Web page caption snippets

..............................

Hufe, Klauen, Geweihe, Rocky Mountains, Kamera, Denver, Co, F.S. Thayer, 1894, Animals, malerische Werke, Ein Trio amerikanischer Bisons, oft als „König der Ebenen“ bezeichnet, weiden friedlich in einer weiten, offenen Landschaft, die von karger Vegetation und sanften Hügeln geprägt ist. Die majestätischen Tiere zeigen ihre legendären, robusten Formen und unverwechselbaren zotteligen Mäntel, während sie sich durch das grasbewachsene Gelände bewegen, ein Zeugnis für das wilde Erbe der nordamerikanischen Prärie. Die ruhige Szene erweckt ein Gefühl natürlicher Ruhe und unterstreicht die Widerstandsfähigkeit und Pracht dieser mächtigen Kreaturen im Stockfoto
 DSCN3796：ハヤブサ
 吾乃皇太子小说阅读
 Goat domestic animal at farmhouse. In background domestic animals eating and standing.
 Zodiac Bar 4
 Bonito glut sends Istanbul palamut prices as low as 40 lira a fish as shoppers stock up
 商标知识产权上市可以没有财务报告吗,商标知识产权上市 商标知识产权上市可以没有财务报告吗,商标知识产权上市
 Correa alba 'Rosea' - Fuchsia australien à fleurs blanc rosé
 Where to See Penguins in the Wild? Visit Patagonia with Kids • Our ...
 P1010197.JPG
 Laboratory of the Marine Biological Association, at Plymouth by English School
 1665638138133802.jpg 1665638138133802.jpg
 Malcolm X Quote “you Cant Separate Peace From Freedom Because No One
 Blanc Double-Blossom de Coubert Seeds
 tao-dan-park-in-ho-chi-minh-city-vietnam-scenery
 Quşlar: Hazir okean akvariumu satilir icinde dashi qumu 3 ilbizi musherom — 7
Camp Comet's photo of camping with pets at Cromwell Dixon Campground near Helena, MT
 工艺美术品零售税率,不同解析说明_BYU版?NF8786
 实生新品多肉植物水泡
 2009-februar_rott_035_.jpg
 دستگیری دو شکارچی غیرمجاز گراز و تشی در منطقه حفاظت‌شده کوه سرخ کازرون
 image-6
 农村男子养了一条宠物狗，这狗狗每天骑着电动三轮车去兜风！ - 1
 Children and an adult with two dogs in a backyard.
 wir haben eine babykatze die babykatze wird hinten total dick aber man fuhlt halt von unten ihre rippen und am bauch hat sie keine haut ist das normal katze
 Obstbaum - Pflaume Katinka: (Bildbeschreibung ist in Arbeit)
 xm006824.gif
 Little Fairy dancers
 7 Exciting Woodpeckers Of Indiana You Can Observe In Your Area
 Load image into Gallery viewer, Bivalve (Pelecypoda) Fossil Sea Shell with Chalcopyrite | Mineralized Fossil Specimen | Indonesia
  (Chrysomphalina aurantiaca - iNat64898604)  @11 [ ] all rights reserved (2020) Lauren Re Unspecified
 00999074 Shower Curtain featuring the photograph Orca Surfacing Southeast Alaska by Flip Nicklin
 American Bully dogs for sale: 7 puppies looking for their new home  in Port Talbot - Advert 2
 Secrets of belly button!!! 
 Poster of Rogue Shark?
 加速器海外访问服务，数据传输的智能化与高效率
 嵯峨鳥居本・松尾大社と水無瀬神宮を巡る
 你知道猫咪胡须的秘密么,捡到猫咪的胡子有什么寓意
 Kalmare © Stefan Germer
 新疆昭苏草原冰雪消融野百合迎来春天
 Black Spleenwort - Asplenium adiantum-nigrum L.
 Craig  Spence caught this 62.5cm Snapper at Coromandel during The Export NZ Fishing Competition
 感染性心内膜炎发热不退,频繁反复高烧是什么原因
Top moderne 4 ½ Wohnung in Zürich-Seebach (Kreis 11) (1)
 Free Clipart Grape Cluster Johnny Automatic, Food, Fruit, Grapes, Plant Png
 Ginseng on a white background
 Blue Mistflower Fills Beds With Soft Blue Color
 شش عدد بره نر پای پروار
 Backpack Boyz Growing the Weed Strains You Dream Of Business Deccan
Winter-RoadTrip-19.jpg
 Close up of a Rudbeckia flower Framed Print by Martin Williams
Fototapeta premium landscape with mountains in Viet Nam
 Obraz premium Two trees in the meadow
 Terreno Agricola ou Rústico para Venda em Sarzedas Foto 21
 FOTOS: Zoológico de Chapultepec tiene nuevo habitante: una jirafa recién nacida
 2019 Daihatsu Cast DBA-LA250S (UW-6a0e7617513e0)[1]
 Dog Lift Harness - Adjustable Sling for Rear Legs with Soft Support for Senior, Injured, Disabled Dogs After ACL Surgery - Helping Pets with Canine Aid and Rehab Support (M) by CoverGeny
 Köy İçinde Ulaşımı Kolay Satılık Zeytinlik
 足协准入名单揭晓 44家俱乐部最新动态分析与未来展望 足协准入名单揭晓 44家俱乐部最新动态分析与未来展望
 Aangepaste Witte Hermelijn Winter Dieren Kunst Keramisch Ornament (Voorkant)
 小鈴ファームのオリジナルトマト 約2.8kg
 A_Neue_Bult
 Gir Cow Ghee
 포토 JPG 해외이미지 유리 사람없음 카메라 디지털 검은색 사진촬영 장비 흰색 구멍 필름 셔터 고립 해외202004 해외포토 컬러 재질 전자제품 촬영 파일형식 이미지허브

..............................

_Exercise:_ Exactly as they appear, retype the lines from the start of the records through the line containing "Bonito glut sends".

_Reply:_
Hufe, Klauen, Geweihe, Rocky Mountains, Kamera, Denver, Co, F.S. Thayer, 1894, Animals, malerische Werke, Ein Trio amerikanischer Bisons, oft als „König der Ebenen“ bezeichnet, weiden friedlich in einer weiten, offenen Landschaft, die von karger Vegetation und sanften Hügeln geprägt ist. Die majestätischen Tiere zeigen ihre legendären, robusten Formen und unverwechselbaren zotteligen Mäntel, während sie sich durch das grasbewachsene Gelände bewegen, ein Zeugnis für das wilde Erbe der nordamerikanischen Prärie. Die ruhige Szene erweckt ein Gefühl natürlicher Ruhe und unterstreicht die Widerstandsfähigkeit und Pracht dieser mächtigen Kreaturen im Stockfoto
 DSCN3796：ハヤブサ
 吾乃皇太子小说阅读
 Goat domestic animal at farmhouse. In background domestic animals eating and standing.
 Zodiac Bar 4
 Bonito glut sends Istanbul palamut prices as low as 40 lira a fish as shoppers stock up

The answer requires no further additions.